Provided information START
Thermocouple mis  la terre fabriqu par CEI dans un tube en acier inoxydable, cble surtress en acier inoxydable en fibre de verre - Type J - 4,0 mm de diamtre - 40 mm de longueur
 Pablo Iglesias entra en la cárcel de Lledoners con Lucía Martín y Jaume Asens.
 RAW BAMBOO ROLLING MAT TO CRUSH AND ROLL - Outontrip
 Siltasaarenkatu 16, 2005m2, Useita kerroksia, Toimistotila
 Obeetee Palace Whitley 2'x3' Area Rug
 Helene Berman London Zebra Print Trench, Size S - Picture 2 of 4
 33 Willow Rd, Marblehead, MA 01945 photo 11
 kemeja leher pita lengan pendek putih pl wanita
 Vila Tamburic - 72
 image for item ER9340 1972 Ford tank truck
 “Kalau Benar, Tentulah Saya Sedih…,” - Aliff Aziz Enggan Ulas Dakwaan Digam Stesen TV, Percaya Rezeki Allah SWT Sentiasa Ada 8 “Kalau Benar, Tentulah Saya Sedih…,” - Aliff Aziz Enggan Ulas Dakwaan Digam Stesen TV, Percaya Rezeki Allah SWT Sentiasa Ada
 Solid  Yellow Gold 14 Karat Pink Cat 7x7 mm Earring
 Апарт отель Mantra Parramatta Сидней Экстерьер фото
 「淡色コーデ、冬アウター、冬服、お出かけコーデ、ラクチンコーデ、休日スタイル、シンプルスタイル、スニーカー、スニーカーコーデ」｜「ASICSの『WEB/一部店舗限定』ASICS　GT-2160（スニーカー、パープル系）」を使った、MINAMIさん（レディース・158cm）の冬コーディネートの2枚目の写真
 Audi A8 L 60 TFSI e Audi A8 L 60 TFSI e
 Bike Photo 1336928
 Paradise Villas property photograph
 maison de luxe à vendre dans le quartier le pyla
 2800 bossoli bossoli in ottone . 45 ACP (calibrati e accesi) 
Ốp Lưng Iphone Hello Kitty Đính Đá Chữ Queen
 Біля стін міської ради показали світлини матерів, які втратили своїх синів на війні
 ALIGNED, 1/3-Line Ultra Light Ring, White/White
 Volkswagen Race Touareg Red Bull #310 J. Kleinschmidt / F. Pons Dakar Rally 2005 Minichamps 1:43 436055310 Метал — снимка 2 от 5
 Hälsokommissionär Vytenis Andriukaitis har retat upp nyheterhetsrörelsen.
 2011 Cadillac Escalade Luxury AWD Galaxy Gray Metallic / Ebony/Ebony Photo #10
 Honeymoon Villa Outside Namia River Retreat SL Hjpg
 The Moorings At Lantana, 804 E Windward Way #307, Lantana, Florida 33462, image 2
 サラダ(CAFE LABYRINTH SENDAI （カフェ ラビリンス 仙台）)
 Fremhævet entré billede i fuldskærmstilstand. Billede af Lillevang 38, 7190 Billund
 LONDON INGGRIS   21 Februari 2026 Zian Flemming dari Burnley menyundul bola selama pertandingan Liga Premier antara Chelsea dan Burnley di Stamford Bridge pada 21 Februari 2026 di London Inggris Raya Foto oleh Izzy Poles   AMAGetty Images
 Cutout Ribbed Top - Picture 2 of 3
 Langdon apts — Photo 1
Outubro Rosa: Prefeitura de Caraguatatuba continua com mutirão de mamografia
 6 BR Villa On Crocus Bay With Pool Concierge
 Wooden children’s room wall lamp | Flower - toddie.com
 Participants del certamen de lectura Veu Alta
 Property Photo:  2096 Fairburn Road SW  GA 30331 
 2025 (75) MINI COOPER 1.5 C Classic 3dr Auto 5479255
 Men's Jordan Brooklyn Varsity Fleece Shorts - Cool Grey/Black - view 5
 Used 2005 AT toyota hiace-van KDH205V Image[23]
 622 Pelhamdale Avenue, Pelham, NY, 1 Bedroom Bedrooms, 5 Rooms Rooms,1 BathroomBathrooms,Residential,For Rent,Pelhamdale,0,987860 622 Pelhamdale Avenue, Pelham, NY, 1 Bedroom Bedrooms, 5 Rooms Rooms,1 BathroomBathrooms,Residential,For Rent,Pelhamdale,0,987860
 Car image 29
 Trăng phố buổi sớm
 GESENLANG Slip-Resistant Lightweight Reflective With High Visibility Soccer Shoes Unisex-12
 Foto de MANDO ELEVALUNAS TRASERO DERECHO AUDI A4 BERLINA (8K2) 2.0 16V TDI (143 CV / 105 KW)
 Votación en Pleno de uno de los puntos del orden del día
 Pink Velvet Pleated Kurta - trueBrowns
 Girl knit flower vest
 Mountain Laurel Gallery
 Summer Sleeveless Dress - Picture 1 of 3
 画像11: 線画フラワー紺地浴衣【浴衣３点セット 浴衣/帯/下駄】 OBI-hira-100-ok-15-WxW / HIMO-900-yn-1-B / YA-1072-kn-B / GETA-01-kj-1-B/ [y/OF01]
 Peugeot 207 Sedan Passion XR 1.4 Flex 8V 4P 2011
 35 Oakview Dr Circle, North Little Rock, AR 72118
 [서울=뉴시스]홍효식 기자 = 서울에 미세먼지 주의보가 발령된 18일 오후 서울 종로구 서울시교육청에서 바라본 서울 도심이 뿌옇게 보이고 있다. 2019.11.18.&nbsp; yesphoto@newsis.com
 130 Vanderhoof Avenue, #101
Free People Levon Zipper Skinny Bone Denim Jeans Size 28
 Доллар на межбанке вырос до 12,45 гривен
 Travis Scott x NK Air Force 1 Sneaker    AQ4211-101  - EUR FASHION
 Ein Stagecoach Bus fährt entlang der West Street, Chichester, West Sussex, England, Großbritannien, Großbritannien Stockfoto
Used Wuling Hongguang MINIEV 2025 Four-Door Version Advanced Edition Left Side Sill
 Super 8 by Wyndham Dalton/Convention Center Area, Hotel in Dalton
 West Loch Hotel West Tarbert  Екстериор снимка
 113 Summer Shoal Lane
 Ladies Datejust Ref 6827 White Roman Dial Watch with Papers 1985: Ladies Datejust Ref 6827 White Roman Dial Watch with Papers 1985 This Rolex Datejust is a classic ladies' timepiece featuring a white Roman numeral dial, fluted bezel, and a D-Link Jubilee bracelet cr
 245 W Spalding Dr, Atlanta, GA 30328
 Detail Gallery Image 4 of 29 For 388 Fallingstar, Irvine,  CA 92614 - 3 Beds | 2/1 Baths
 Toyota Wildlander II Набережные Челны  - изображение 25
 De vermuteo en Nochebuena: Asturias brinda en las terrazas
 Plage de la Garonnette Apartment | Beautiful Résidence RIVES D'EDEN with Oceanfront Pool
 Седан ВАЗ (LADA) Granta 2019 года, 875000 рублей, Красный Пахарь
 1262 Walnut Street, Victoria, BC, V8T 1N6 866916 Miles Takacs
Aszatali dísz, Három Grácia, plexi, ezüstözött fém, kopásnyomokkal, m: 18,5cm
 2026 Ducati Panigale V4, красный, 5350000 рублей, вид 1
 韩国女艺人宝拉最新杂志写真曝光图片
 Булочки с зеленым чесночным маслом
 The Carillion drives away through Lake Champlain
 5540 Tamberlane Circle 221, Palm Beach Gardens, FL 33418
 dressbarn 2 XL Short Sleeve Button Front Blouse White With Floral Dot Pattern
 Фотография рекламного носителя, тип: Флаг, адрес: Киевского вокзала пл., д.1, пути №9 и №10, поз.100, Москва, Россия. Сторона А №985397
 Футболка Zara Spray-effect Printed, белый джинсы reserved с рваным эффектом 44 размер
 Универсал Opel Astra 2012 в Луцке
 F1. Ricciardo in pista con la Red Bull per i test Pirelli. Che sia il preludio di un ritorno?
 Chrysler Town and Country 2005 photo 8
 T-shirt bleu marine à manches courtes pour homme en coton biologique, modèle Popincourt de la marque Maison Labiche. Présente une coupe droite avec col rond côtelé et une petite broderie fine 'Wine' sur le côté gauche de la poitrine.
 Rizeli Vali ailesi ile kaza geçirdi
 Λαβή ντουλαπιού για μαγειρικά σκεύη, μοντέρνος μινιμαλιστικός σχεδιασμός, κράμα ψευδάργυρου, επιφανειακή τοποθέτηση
Provided information END
Work task » Please go through the entries and show every line with the word "рублей".

Task output »
 Седан ВАЗ (LADA) Granta 2019 года, 875000 рублей, Красный Пахарь
 2026 Ducati Panigale V4, красный, 5350000 рублей, вид 1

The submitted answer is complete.